Where does the money or assets come from in an HUF (Hindu Undivided Family)? How do those who give money to the HUF benefit? Are income tax rates applicable to HUFs different from those applicable to individuals? The term karta is used when explaining the benefits of forming an HUF. Does the HUF get dissolved when the karta retires or can continue to exist? What legal responsibilities does the karta have towards the coparceners and why is he crucial to the HUF?
Any undivided ancestral property can form part of the HUF. Additionally, any coparcener or member of an HUF may mix his personal property with the overall HUF property. However, due to clubbing provisions under the Indian income tax laws, income earned from such properties, which are mixed with the HUF properties, would continue to be taxed in the hands of the transferor.

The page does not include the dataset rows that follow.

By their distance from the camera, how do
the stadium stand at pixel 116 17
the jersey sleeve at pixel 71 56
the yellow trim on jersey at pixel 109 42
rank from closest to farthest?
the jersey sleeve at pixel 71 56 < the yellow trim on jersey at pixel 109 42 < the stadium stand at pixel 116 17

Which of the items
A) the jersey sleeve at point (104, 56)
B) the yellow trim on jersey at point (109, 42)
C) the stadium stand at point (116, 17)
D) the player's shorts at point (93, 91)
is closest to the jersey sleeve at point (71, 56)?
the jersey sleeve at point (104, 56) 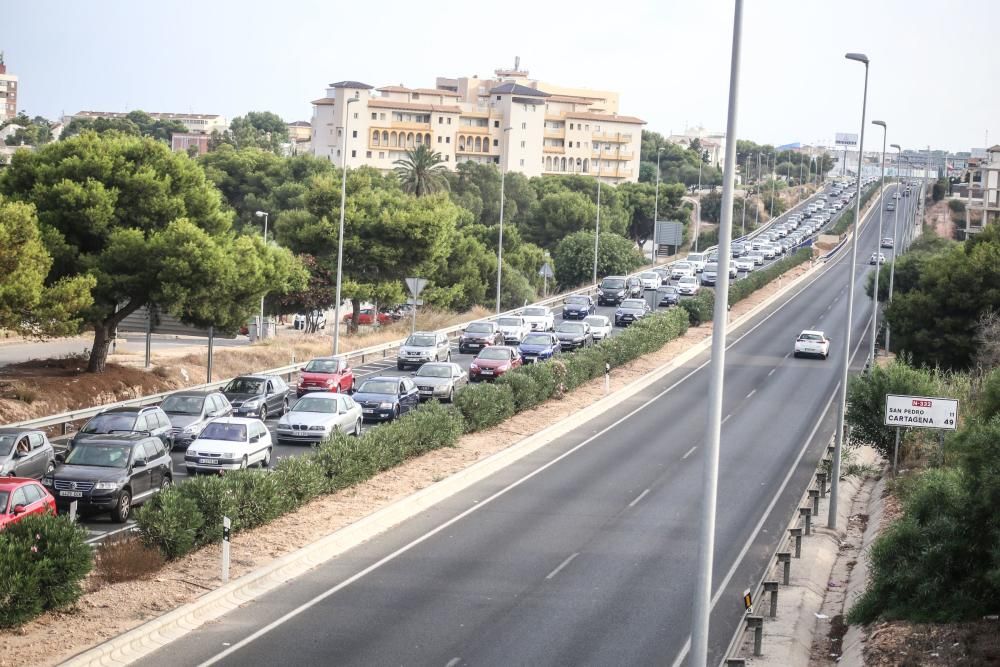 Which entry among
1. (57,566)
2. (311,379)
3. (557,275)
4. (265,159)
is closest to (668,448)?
(311,379)

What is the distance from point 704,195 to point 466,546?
518 ft

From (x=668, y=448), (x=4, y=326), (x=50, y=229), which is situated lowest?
(x=668, y=448)

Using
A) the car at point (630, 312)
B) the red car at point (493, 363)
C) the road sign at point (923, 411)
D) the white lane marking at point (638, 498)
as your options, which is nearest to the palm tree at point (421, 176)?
the car at point (630, 312)

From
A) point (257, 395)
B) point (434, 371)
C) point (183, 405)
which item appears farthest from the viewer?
point (434, 371)

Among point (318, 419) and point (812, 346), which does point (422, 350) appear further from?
point (812, 346)

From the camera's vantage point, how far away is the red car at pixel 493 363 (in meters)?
43.1

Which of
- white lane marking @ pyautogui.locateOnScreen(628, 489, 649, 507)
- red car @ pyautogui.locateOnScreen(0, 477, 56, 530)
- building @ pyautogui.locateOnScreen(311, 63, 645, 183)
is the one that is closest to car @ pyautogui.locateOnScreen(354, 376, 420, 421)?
white lane marking @ pyautogui.locateOnScreen(628, 489, 649, 507)

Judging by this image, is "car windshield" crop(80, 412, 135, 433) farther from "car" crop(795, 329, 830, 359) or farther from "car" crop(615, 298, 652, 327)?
"car" crop(615, 298, 652, 327)

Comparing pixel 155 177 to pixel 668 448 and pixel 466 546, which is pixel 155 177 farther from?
pixel 466 546

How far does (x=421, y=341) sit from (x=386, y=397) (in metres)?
11.1

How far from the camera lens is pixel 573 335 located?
53812 mm

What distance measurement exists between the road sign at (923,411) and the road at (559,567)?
313cm

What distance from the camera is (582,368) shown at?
138 ft

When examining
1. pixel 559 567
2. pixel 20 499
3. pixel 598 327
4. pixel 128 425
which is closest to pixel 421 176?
pixel 598 327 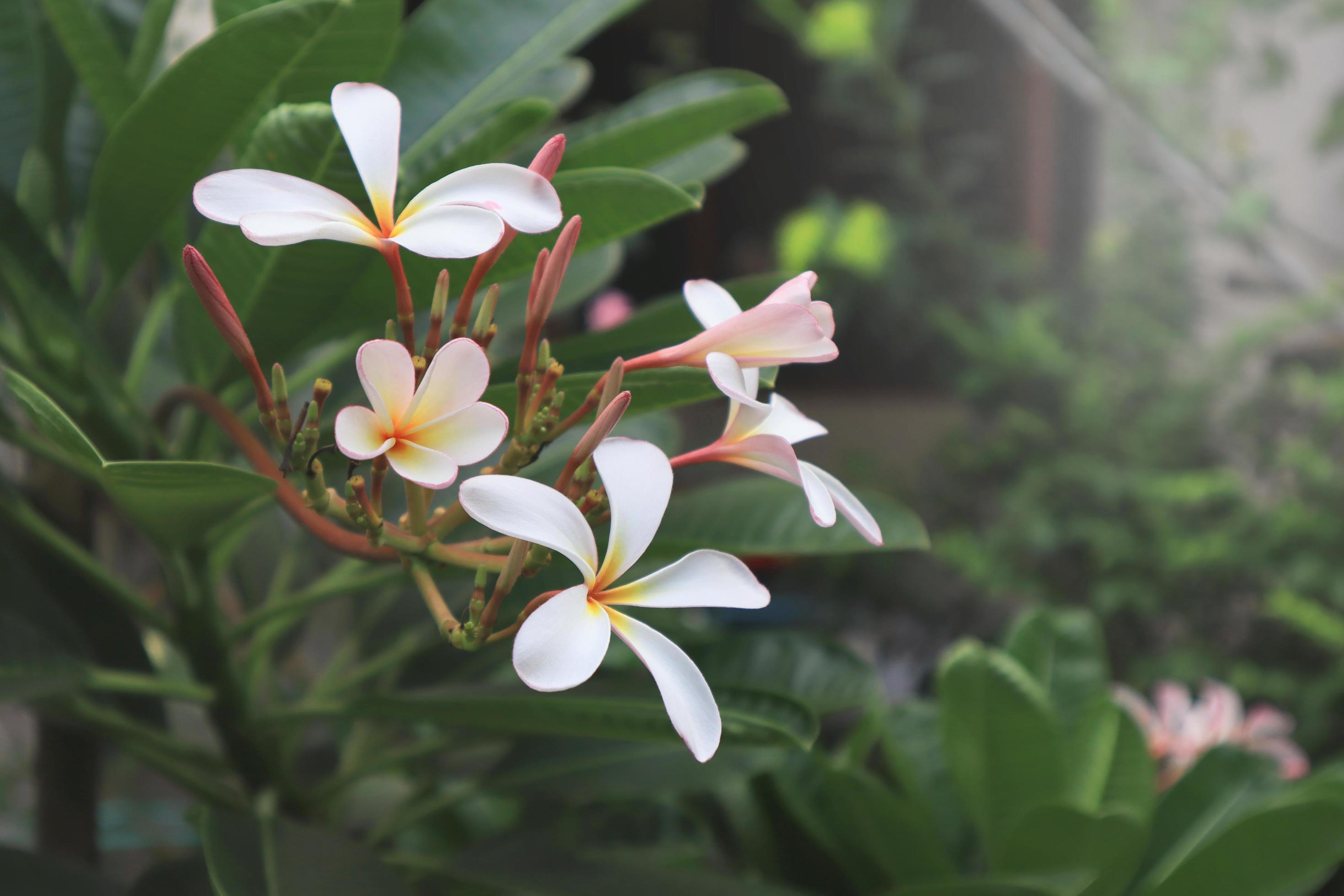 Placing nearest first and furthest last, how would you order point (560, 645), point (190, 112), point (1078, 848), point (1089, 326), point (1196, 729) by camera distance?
point (560, 645)
point (190, 112)
point (1078, 848)
point (1196, 729)
point (1089, 326)

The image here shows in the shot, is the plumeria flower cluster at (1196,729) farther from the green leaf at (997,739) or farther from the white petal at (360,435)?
the white petal at (360,435)

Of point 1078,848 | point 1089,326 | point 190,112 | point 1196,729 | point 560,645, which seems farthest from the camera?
point 1089,326

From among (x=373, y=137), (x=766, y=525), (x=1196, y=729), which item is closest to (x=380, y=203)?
(x=373, y=137)

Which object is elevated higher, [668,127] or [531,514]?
[668,127]

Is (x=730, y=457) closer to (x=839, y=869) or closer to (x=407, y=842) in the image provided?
(x=839, y=869)

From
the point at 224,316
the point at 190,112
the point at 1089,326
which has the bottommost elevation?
the point at 224,316

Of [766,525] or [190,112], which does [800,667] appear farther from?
[190,112]

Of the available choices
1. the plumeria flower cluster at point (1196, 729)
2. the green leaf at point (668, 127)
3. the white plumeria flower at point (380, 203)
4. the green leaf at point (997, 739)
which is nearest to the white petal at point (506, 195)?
the white plumeria flower at point (380, 203)

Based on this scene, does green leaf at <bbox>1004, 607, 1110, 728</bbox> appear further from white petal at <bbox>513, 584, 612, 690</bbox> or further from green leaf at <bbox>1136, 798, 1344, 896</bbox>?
white petal at <bbox>513, 584, 612, 690</bbox> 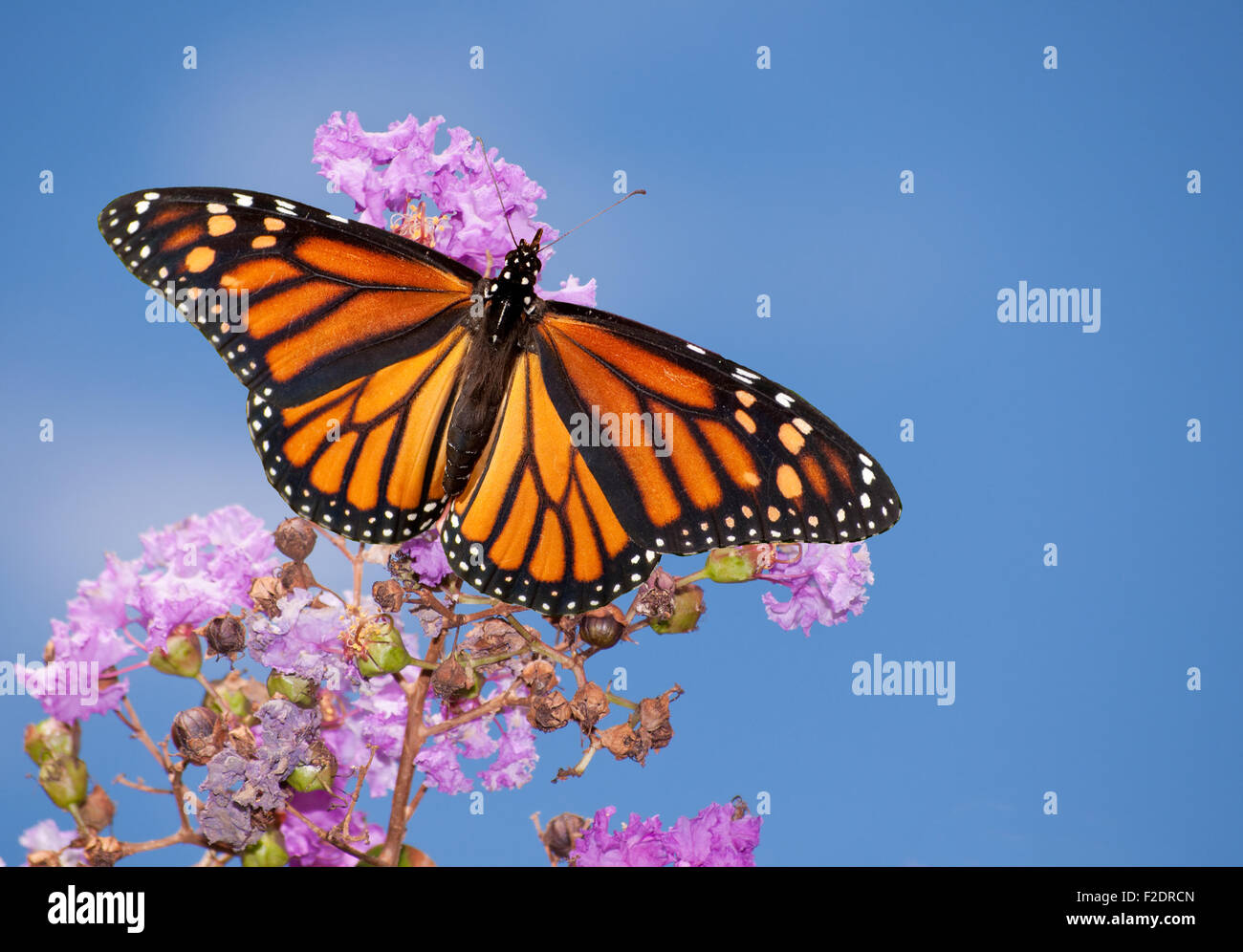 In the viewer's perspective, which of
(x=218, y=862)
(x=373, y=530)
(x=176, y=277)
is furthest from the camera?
(x=218, y=862)

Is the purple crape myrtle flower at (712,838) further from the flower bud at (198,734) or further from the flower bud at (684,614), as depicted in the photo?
the flower bud at (198,734)

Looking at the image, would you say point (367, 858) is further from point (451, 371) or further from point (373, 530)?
point (451, 371)

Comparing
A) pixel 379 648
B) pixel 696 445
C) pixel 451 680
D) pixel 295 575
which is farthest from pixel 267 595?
pixel 696 445

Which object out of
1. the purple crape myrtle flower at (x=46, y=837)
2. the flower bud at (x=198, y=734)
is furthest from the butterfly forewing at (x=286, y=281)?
the purple crape myrtle flower at (x=46, y=837)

The tax rates applicable to HUFs is the same as that for an individual.
Typically, HUFs with lesser income benefit to some extent because the karta and the coparceners can avail the basic income tax slab rate benefits in their individual capacities, and the HUF would also be entitled to the same tax slab benefit on the income it earns on its assets.
In relation to the dissolution of the HUF, an HUF will continue to exist even after the demise of the karta—an HUF can be perpetual, unless wound up. The next eldest male coparcener of the HUF would automatically become the next karta. If all the coparceners decide to dissolve the HUF, it may be done so by way of partition of the assets owned by the HUF. Each coparcener would be entitled to a particular share in the HUF, according to the provisions stated in the Hindu Succession Act, 1956.
Further, please note that it is also permissible to divide the HUF assets in an unequal manner (if it is so agreed upon by all the coparceners).
The karta, being the custodian of the HUF’s income and assets, manages the HUF property. Some of the karta’s duties include the duty to render accounts in relation to the HUF’s income and expenses to the coparceners, realize any debt owed to the HUF, incur expenses which would reasonably benefit the HUF, the duty not to alienate any HUF property unless he has a legal obligation or requirement to do so or unless such alienation would benefit the HUF, among others.
In general, the role of the karta is crucial for the HUF. He is entrusted with the management of not only the assets owned by the HUF but also with the general welfare of the family.
If you are thinking of forming an HUF for yourself, it would be advisable to seek proper legal advice. Also make sure to discuss with your attorney the comparative benefits of a trust versus an HUF. A trust offers far more flexibility and simplicity in terms of achieving succession goals.